What he should have done: Again, aside from never telling the lie in the first place, he should have backed off of this story right away. For Lochte to so publicly come out and say he and his teammates were robbed on the streets of Rio, just made for bigger headlines. How could he think the truth wouldn’t come out?
Saving Lochte From Himself
After the Rio police news conference on Thursday, Lochte hired a top crisis public relations “guru” to help him out of his mess. Everything changed in the next 48 hours.
By Saturday night, we saw a different Ryan Lochte. In two interviews he apologized for what happened. One interview was again with Matt Lauer and aired in primetime during Olympic coverage. The other interview aired on Brazil’s largest TV network, Globo TV.
The purpose of these appearances was to paint Lochte in a different light. His PR reps didn’t want to lead with the messy (whitish-greenish-grayish?) haired Lochte who people were now equating with partying and vandalism. So, they switched it up.
First, they set the tone:
His hair was dyed back to a natural brown. Lochte put on a nice button-down shirt and was seated in a calm, warm living room-like atmosphere.
Then, they worked on three key parts of his message which you saw in the second Lauer interview:
- He came clean. He admitted he had too much to drink and over-exaggerated his story. He admitted to causing damage at the gas station.

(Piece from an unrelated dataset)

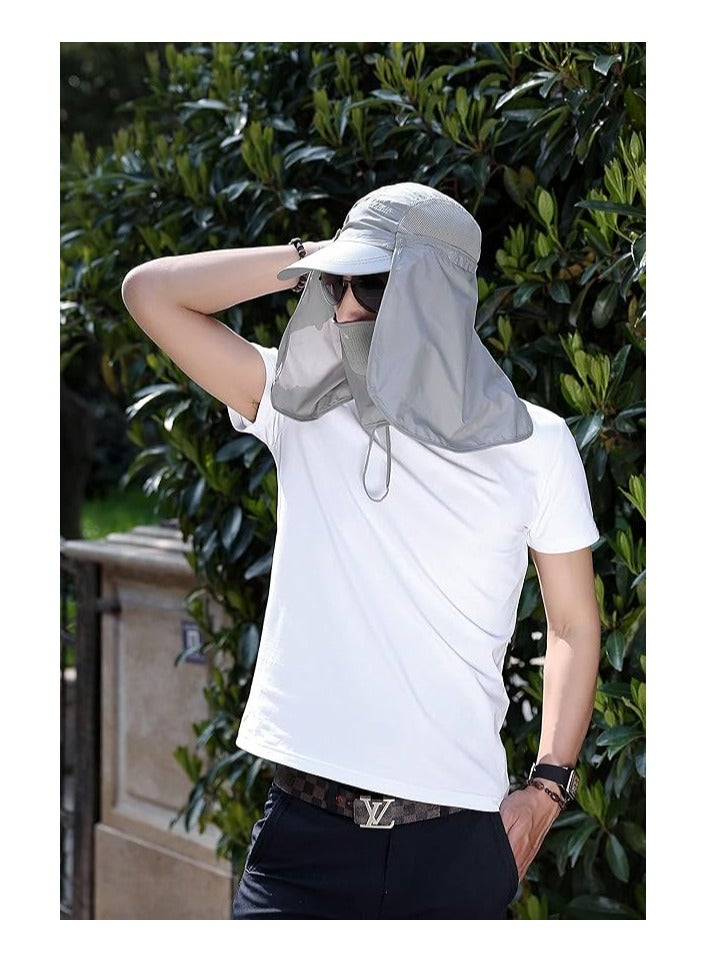 Generic UV 50 Protection Sun Cap Fishing Hat Outdoor Sun Hat with Face Masks Outdoor Sun Protection Visor Caps  - Image 2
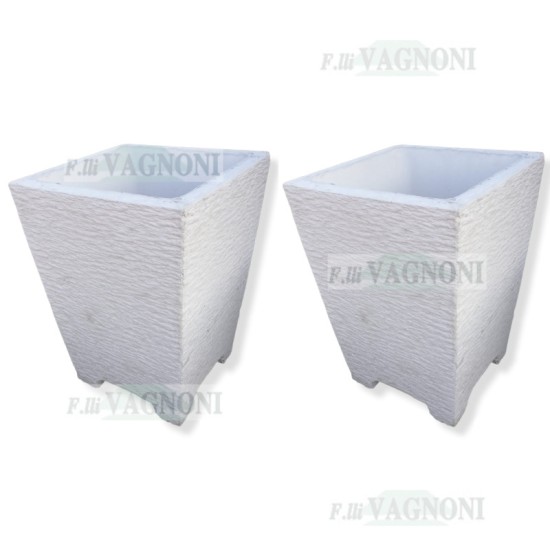 COPPIA DI VASI IN CEMENTO CM. 40X40X55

- He apologized to his teammates, the Olympics, Rio and Brazil for creating this international incident. He said he was acting immature and stupid. He admitted he was embarrassed by the whole thing.
- He stayed on message. Multiple times during the interview he said he was intoxicated and over-exaggerated the incidents that happened that night. He shouldered the blame.
Did it work? Maybe a little yes, but mostly no. There is only so much magic a PR professional can do when a client has created an incident surrounding one of the biggest events in the world, and it was all based on a lie.
The goal was to push this story down, save Lochte’s reputation and, hopefully, keep his sponsors from fleeing. Though the apology de-escalated the situation a bit, it wasn’t enough to keep sponsors from distancing themselves from Lochte faster than Michael Phelps’ butterfly stroke. By Monday, $6 million of Lochte’s sponsorship money was gone.
Things appear to have calmed down in the days since. Most recently, USA Today reported Lochte is slated to appear on Dancing with the Stars (a deal that was made before his Rio incident), although the official announcement has not yet been made. The article also cleared up Rio police’s claim that the four men damaged a bathroom at the gas station. The article states police didn’t even ask the swimmers about the bathroom. The damage the men actually did was tearing down a poster. Lochte’s camp also says they have other preliminary inquires from potential new sponsors.
The takeaway message here? Don’t lie — toast can never be bread again. But, if you’re the kind of person who can’t resist lying, don’t wait until your situation is so messed up that you need public relations help to get out of it. If you are aware of a possible crisis, engage with your PR professional as soon as you can. By doing that, hopefully, you might maintain control of your story.